# Baseline models for DeepDemand: Ridge (L2) and Random Forest

This notebook builds edge-level features from your existing data layout and evaluates:
- 5-fold random CV (k=5)
- 9-fold spatial CV (regions, fold_idx=1..9)

Metrics (train/test): MGEH, MAE, R² using your `model.utils` functions.


In [None]:
# path setting
import sys
from pathlib import Path
# set the notebook's CWD to your repo root
%cd D:/deepdemand
ROOT = Path.cwd().parents[0]   # go up one level
sys.path.insert(0, str(ROOT))

In [2]:
import os
import json
from collections import Counter

import numpy as np
import pandas as pd
import torch

from config import DATA, TRAINING
from model.dataloader import load_gt, load_json, get_lsoa_vector
import model.utils as utils


## 0) Reproducibility

In [3]:
np.random.seed(TRAINING['seed'])
torch.manual_seed(TRAINING['seed'])


<torch._C.Generator at 0x24d3839cd10>

## 1) Load GT and feature bank (same logic as your trainer)

In [4]:
# --- Load GT (already filtered + optionally normalized) ---
edge_to_gt, scaler = load_gt()
all_edge_ids = list(edge_to_gt.keys())
print('Edges:', len(all_edge_ids), 'Scaler:', type(scaler).__name__ if scaler else None)

# --- Load LSOA features JSON + node_to_lsoa mapping ---
lsoa_json = load_json(DATA['lsoa_json'])
node_to_lsoa = load_json('data/node_features/node_to_lsoa.json')

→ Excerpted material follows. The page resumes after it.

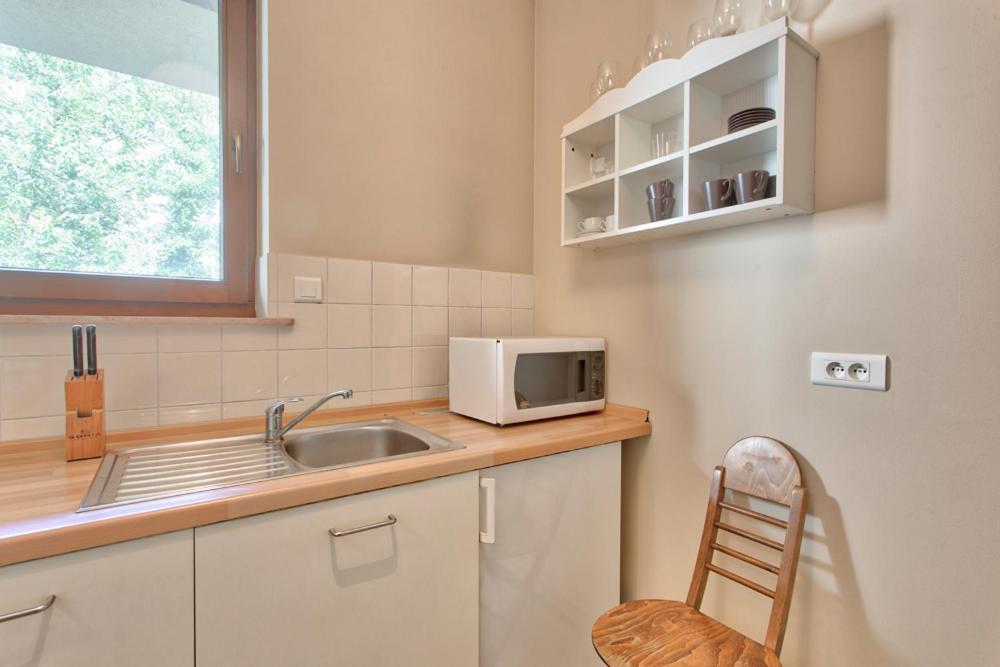 Tyzenhauz Apartments Economy 크라쿠프 외부 사진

# --- Build feature_bank like your trainer ---
lsoa_codes = sorted(lsoa_json.keys())
feat_rows = []
for code in lsoa_codes:
    v = get_lsoa_vector(lsoa_json[code])  # torch tensor
    feat_rows.append(v.cpu().numpy())
X_lsoa = np.vstack(feat_rows).astype(np.float32)

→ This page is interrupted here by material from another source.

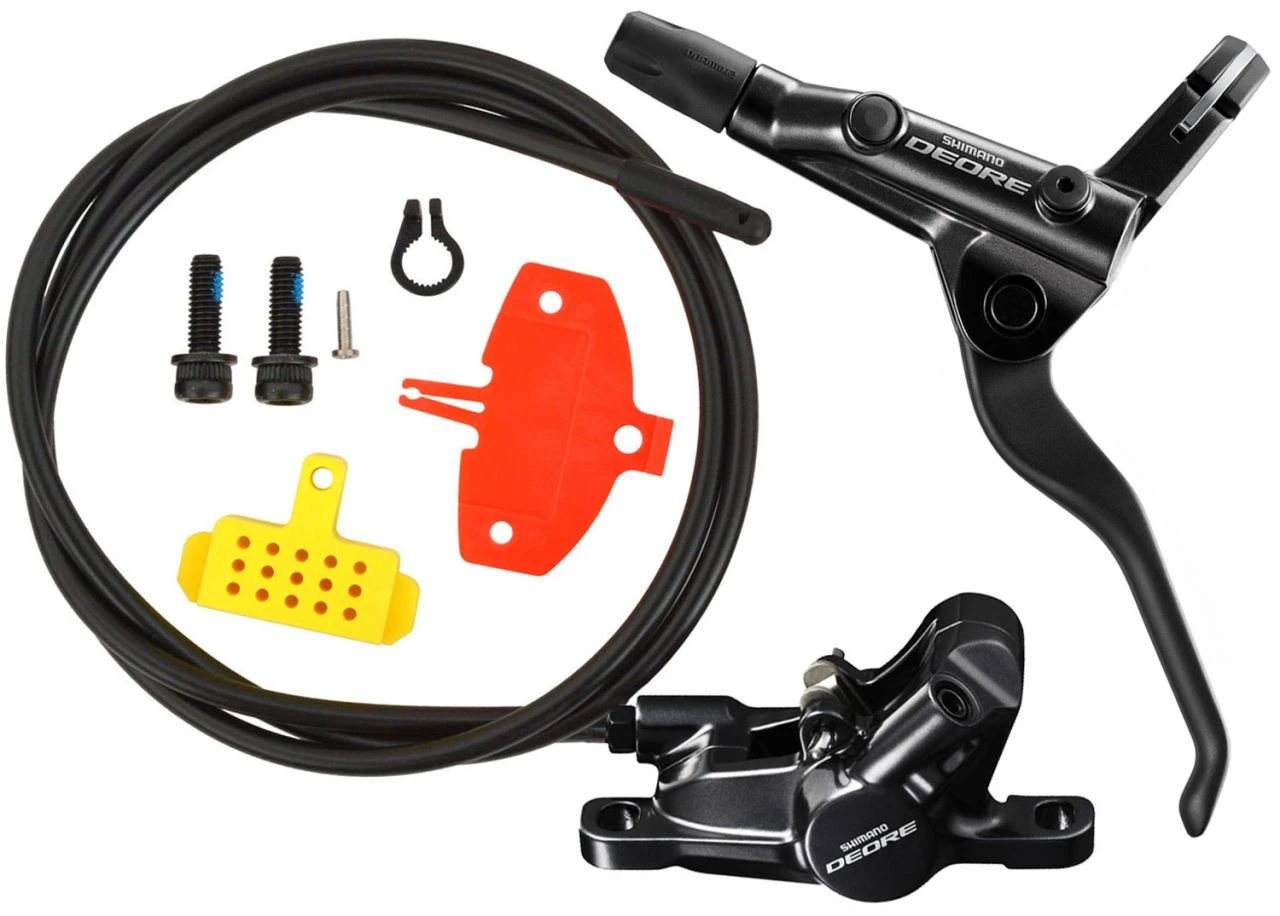 Shimano Kit De Freno De Disco DEORE BR-T6000 Frenos De Disco - Sets | Bike-Discount - Imagen 2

feature_bank = {code: X_lsoa[i] for i, code in enumerate(lsoa_codes)}

feat_dim = X_lsoa.shape[1]
print('LSOA feature dim:', feat_dim)


Number of valid edges: 5088

=== GT Descriptive Statistics (raw) ===
Min     : 191.405
Max     : 113436.372
Mean    : 25243.410
Median  : 20618.627
Std     : 18893.461

Edges: 5088 Scaler: None
LSOA feature dim: 121


## 2) Edge-level feature construction (frequency-weighted)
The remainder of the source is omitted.